Spider mite populations are reduced by cool, wet conditions early in the season. Considerable natural control is provided by lady beetles (Stethorus spp.) and minute pirate bugs (Orius spp.). Predator mites such as Typhlodromus spp. or Neoseiulus fallacis (syn. Amblyseius fallacis) are also effective at managing populations of spider mites and may be purchased. Avoid pyrethroid sprays during the growing season.
Spider mite infestations are favored by dry, dusty conditions, so avoid creating these problems and stressing the plants. The use of cover crops also reduces dust and mite problems. However, broadleaf weeds like mallow, bindweed, white clover, and knotweed enhance mite numbers. Suppression of these weeds with cultivation or grasses may reduce mite numbers. Mites may be washed from the tree with a strong stream of water. Water trees properly, as drought-stressed trees are more susceptible. Avoid excessive nitrogen applications, as this encourages mites.

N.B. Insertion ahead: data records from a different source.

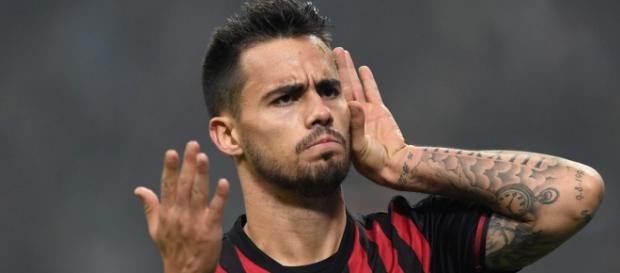 Jesus Suso Esterno destro Milan Jesus Suso Esterno destro Milan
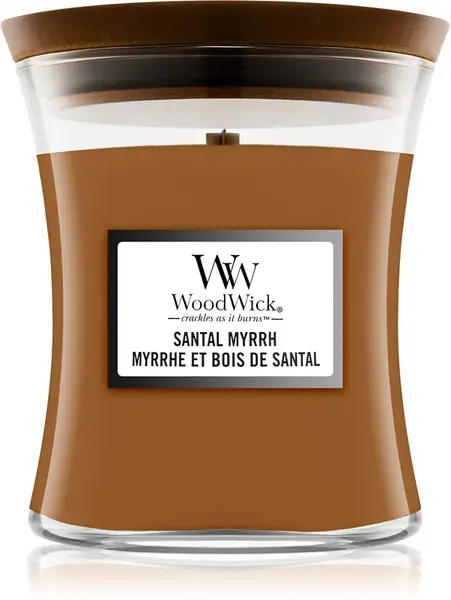 Woodwick Santal Myrrh Jar (Sandalwood and Myrrh) - 275.0 g
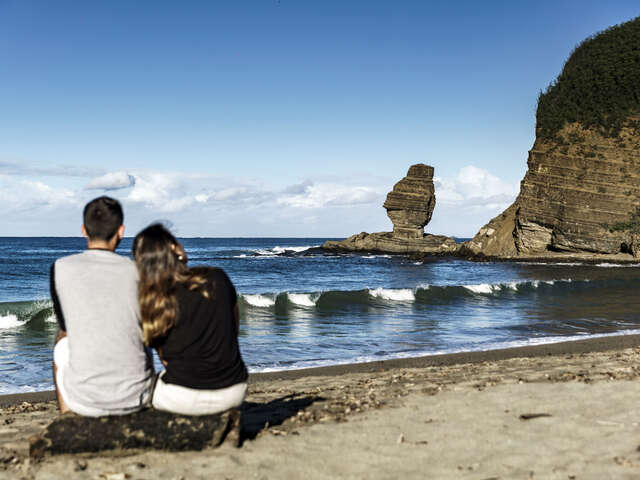 Plage de la Roche Percée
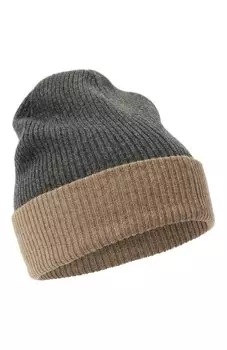 Двусторонняя шапка Brunello Cucinelli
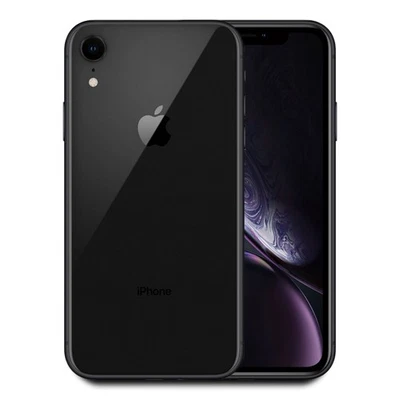 Apple iPhone XR 64GB Unlocked 6.1" - (Black) A1984 w/1 Year Warranty - Image 1 of 4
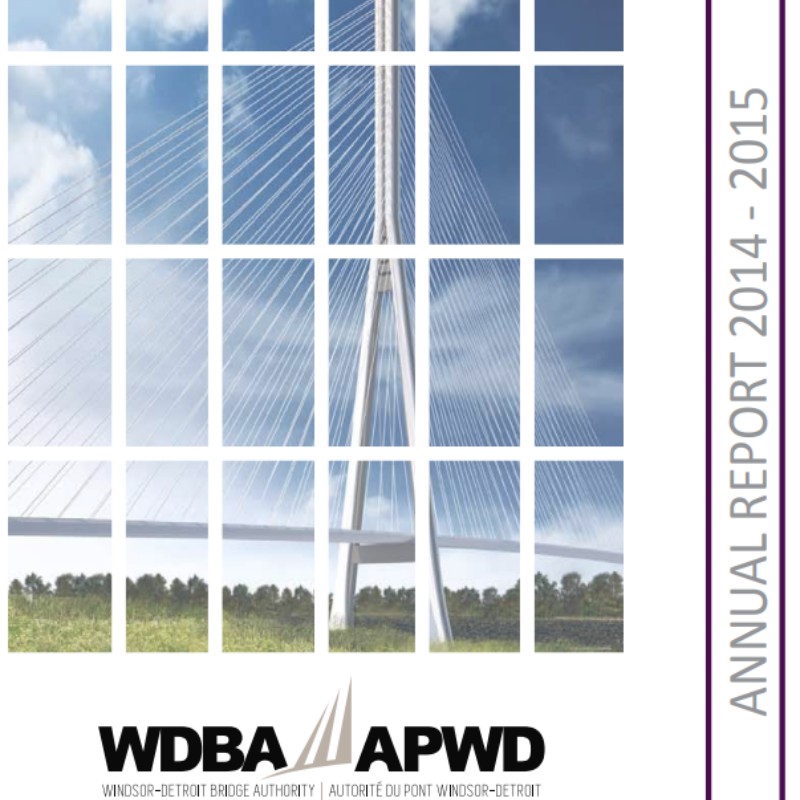 Annual Report 2014-2015 EN 2016-08-10 and Statement of Canadian Contributions 2014-2015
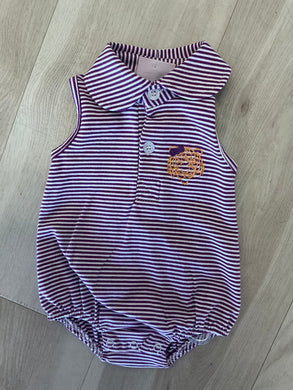 Purple Tiger Girl Bubble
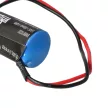 Omron JZSP-BA0-1 helyettesítő akkumulátor (Li-MnO2, 3.6V, 1000mAh / 3.6Wh) - Utángyártott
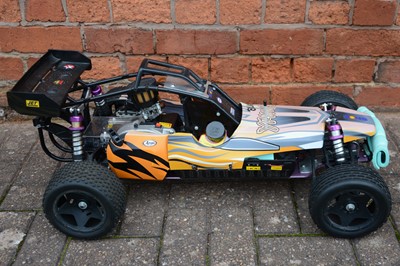 Lot 143 - AoWei YAMA 1:5 scale remote control car/ buggy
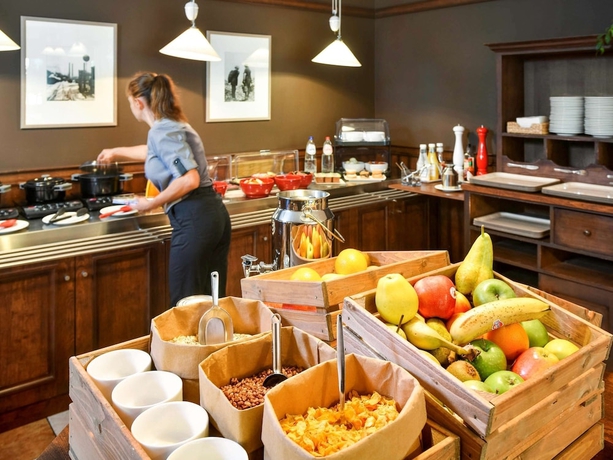 Imagen del bar/restaurante del Hotel Ibis Charleroi Centre Gare. Foto 4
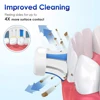 4Pcs Plaque Removal Toothbrush Brush Heads Replacement for Phillips Sonicare Electric Toothbrush 3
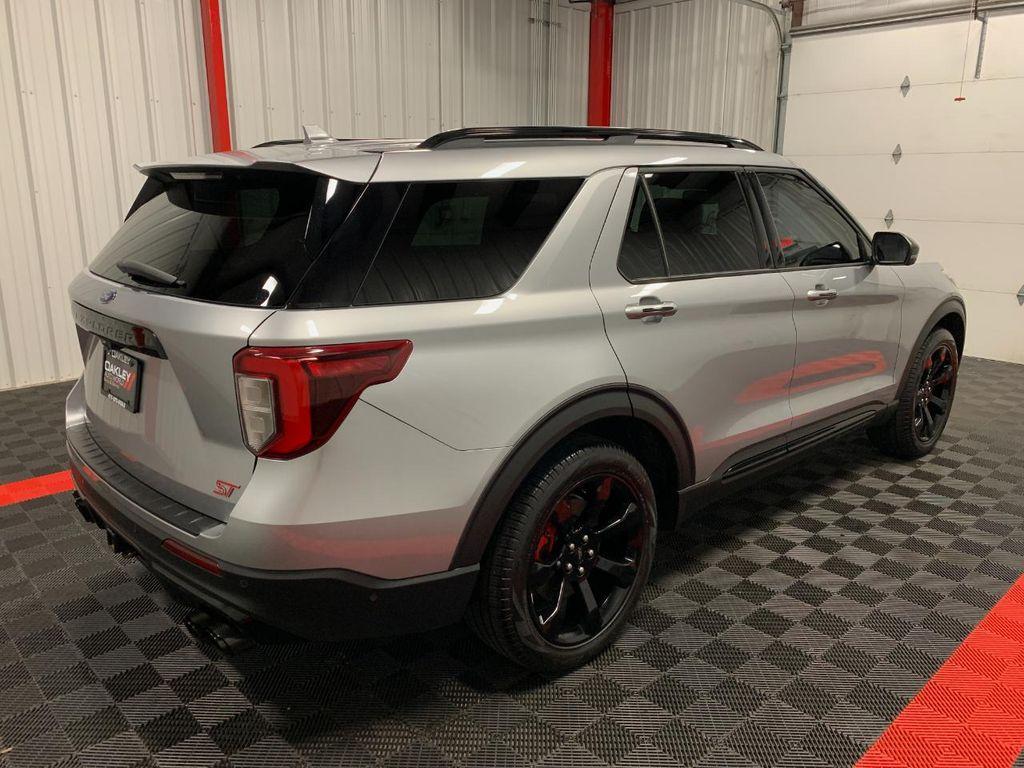 used 2020 Ford Explorer car, priced at $27,880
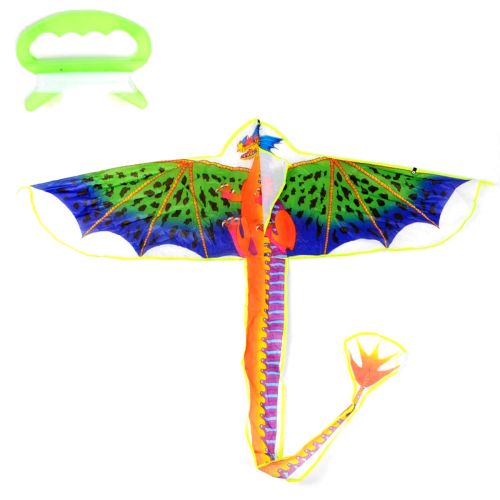 Воздушный змей C 50617 (600) 2 вида, 140х75 см, в кульке [Кулек] вид 2 (MiC)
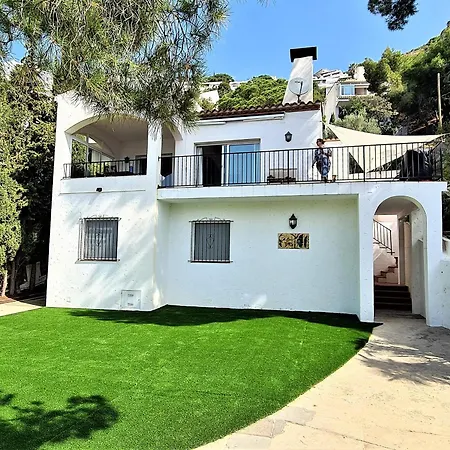 8002 - Torrinos 50, Casa Aislada De Todo Ruido, Con Fantastica Vista Al Mar, Gran Terreno De 100m2 Con Barbacoa, Rodeada De Vegetacion, Intimidad Asegurada. 2 Garajes. - Es-258-91 Holiday home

Management-chemical control: HOME USE
Note: Spider mites can rapidly develop resistance to chemical controls.
- superior-type oil (European red mite only)-Some formulations are OMRI-listed for organic use.
- azadirachtin (neem extract)-Some formulations are OMRI-listed for organic use.
- carbaryl-Peach only.
- horticultural mineral oil-Some formulations OMRI-listed for organic use.
- insecticidal soap-Avoid spraying when blossoms are present. Complete coverage, especially undersides of leaves, is essential. Not recommended for use on yellow-skin nectarine varieties. Some formulations are OMRI-listed for organic use.
- malathion-Peach only.
- permethrin-Peach only.
- plant-derived essential oils-Some have shown efficacy against spider mites. Some formulations are OMRI-listed for organic use.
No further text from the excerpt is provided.